Martins was stopped at the Harbour on Sunday 19 March after returning from a short driving holiday in Portugal.
Also in the car was his girlfriend, Helia Filipa Da Silva.
Another officer stopped a second car, carrying Martins’ father Joao Martins.
He had been to France and met his son in St Malo.
A search of Fabio Martins’ car proved negative, but in his father’s car a pack of heroin was discovered underneath the rear seat.
Fabio Martins claimed this was his and that he had hidden it there when he met his father in St Malo as they were both sailing back to Jersey on the same ferry.
Crown Advocate Conrad Yates told the Royal Court that on being questioned about the heroin, Fabio Martins said: ‘I put it there.
My father knows nothing.’ He added that the 36.37 grams of class A drugs had a street value of £36,350.
Advocate Yates added: ‘The defendant confirmed that the heroin had cost him 1,700 euros.
He said that he had used his own money to buy heroin for his own use.
‘When asked how much heroin he used, the defendant stated that he and Da Silva might share roughly half a gram of heroin a day, although sometimes they might use half a gram each.

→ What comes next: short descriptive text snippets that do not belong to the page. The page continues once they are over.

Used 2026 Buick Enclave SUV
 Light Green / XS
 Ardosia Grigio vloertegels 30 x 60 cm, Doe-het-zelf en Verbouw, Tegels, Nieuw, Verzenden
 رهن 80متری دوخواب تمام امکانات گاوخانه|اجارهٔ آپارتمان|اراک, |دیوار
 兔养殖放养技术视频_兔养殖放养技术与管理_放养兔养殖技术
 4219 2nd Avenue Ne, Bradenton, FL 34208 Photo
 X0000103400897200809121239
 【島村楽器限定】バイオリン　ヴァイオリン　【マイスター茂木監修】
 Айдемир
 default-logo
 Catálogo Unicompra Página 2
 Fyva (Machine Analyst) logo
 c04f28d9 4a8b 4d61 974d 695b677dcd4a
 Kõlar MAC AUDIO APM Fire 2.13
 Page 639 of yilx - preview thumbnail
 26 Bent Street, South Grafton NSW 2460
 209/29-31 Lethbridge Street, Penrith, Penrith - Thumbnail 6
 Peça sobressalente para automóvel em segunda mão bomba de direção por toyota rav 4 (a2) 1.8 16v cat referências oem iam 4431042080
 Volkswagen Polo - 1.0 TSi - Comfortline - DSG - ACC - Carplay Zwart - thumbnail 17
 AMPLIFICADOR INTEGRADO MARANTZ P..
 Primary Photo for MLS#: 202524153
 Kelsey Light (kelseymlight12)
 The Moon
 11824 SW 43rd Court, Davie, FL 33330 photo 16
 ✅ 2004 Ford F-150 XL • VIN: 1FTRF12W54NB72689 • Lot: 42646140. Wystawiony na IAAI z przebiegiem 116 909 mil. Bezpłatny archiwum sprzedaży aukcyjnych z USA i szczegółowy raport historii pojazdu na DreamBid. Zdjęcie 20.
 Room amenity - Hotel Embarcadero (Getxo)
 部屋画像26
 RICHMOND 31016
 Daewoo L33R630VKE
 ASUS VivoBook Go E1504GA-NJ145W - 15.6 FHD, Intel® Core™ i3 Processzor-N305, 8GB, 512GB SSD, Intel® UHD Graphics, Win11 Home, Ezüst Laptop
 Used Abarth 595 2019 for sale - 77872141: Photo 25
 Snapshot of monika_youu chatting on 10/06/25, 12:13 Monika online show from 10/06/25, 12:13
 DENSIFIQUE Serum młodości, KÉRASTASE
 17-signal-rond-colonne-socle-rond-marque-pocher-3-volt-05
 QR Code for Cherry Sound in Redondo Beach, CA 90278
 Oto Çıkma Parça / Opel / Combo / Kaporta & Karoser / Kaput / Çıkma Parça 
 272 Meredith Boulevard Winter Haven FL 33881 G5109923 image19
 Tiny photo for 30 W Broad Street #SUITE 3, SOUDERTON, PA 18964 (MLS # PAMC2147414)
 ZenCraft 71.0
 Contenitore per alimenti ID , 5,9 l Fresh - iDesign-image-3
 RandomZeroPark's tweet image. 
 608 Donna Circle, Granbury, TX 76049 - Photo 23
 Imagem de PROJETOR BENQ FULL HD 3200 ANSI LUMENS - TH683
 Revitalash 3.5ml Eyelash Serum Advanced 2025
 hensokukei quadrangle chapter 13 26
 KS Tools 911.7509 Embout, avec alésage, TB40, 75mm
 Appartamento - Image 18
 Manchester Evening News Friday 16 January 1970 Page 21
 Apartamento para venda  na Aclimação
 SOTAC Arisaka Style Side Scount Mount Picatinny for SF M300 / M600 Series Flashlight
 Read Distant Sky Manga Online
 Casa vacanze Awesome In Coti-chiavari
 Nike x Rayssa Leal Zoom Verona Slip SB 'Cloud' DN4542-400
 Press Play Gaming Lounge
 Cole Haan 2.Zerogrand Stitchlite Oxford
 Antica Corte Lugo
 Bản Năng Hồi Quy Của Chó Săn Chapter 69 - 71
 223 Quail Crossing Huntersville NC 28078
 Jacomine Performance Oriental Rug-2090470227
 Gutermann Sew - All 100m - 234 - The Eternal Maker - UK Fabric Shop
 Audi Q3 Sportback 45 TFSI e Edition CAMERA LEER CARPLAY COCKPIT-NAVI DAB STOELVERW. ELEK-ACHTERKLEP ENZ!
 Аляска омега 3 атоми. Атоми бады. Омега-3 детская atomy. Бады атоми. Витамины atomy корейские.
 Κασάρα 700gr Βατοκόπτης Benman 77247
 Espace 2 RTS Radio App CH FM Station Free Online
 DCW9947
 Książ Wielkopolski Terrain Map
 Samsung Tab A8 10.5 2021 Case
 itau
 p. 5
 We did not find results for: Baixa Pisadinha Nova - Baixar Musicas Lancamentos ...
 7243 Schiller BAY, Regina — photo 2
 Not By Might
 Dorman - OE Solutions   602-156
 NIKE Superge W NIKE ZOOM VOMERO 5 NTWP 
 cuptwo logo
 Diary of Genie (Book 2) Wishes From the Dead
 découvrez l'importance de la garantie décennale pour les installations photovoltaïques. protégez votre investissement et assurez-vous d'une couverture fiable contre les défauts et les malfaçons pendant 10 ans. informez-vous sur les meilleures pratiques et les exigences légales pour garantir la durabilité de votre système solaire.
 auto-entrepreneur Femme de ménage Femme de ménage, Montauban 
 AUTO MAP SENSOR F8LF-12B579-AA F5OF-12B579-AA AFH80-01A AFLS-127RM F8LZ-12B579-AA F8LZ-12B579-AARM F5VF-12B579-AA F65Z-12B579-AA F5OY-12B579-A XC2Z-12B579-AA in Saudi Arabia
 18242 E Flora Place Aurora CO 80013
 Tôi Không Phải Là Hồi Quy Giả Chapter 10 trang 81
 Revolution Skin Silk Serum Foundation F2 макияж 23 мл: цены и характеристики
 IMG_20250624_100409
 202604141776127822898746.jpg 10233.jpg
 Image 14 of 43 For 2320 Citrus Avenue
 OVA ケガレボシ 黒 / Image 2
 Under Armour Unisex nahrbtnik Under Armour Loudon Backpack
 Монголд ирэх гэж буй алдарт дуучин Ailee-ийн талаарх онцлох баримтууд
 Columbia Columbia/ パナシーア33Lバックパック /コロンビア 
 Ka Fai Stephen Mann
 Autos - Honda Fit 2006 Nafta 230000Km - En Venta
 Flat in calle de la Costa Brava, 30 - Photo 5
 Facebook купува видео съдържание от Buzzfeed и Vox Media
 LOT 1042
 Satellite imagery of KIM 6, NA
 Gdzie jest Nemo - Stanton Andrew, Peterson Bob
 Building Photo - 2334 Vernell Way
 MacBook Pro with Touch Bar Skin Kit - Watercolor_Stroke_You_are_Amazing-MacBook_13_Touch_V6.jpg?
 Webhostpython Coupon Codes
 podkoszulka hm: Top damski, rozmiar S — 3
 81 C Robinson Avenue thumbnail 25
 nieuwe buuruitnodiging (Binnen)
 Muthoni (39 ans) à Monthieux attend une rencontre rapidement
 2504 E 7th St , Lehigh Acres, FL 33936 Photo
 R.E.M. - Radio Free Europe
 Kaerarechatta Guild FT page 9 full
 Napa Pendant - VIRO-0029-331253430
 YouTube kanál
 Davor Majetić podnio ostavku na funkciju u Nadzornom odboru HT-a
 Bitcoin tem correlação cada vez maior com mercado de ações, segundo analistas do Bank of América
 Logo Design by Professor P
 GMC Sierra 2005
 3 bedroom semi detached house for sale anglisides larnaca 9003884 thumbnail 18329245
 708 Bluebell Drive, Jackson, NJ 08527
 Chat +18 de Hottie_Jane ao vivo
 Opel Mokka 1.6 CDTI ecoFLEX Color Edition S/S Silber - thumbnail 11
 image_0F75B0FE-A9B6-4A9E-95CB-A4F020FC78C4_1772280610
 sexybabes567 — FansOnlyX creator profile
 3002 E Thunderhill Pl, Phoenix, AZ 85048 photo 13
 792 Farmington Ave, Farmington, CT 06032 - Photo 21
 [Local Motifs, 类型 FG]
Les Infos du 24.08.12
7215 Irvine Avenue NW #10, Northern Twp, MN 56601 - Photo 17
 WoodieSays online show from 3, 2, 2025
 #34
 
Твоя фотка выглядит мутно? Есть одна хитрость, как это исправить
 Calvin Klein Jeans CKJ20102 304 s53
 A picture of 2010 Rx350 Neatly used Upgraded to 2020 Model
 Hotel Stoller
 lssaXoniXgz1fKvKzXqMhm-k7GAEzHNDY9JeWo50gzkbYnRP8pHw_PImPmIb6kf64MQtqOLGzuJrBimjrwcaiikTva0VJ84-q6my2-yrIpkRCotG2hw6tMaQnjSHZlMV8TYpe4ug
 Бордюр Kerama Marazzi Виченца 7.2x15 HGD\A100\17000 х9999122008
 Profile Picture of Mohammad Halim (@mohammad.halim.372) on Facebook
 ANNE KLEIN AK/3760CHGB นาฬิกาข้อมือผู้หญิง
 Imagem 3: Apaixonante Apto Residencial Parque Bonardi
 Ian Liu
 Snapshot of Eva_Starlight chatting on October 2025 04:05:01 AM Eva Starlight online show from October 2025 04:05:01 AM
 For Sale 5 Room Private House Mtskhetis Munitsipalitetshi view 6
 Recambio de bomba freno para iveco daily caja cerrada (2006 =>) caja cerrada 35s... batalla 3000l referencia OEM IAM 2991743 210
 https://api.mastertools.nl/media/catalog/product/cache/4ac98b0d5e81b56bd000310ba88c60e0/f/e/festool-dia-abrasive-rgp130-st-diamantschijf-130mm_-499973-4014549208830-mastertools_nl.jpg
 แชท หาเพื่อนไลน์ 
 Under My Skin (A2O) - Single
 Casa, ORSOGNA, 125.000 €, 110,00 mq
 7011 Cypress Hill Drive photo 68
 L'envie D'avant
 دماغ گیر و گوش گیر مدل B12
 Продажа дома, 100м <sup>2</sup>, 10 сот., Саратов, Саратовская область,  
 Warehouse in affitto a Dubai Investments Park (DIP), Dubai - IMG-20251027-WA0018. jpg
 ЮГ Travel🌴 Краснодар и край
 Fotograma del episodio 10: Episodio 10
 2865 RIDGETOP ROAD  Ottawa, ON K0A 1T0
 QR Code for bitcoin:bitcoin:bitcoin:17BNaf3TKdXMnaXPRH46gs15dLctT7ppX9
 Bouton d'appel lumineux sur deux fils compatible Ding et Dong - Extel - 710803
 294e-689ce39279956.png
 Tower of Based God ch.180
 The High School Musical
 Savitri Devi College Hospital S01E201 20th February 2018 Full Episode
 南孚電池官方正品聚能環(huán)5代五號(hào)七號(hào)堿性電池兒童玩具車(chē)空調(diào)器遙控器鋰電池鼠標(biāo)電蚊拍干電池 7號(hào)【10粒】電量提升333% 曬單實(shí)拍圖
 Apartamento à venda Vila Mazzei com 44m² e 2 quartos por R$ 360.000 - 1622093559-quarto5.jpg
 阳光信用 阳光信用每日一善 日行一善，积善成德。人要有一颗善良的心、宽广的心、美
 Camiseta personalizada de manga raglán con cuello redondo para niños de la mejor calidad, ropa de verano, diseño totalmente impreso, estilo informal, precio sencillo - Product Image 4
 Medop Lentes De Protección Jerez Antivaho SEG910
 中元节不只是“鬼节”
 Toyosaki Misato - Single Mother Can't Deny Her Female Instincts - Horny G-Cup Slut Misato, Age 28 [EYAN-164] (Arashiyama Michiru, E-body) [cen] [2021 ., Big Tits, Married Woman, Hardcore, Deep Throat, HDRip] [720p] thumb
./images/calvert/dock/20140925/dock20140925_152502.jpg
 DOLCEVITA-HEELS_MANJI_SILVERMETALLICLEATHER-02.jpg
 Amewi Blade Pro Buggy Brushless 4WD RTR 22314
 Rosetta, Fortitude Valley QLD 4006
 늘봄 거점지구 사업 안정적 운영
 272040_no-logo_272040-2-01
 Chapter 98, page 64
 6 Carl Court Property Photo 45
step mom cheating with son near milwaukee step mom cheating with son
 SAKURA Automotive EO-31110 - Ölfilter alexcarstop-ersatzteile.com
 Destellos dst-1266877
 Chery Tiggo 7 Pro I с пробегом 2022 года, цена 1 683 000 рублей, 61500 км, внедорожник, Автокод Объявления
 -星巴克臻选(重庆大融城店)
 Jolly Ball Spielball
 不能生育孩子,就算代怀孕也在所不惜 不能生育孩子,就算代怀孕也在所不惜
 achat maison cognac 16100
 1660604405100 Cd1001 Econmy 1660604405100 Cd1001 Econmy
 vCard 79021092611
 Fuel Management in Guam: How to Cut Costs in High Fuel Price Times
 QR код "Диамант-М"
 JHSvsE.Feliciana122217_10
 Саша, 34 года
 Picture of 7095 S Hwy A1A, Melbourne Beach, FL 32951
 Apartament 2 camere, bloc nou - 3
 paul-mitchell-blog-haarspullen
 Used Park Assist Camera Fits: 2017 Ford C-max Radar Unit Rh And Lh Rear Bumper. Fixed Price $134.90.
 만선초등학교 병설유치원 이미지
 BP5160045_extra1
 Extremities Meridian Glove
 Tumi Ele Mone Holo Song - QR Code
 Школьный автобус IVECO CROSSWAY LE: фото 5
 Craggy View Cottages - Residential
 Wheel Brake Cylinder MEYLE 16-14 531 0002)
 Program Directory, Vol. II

When asked about how he funded his habit, the defendant replied that sometimes he would work.’ It was later revealed that Martins had not worked for eight months.
The Crown moved for a sentence of four and half years and that Martins should be recommended for deportation after completing his sentence.
Advocate Michael Haynes, defending, said that his client’s life took a spiral downwards after he split up with his long-term girlfriend and when his grandfather fell seriously ill.
‘These two events in 2005 had an emotional effect on this young man,’ he said.
‘And to bury his emotions he was introduced into heroin.’ Advocate Haynes went on to explain that since being in custody awaiting sentence Martins had successfully completed a drugs detoxification programme.’ Delivering the court’s sentence, the Bailiff, Sir Philip Bailhache, expressed concerns about the quantity of drugs which were said to be for personal use.
He said: ‘When a person imports such a quantity of heroin there’s always a risk that some of it will find its way on to the streets, to the detriment of the Island.’ Speaking about Martins’ history, he added: ‘It’s sad that a young man should have become addicted to heroin and have committed a series of offences of this kind.
To live in Jersey is a privilege and if that privilege is abused then it is likely to be withdrawn.’ Sir Philip was sitting with Jurats Bullen, Le Breton, Georgelin, Clapham, King and Le Cornu.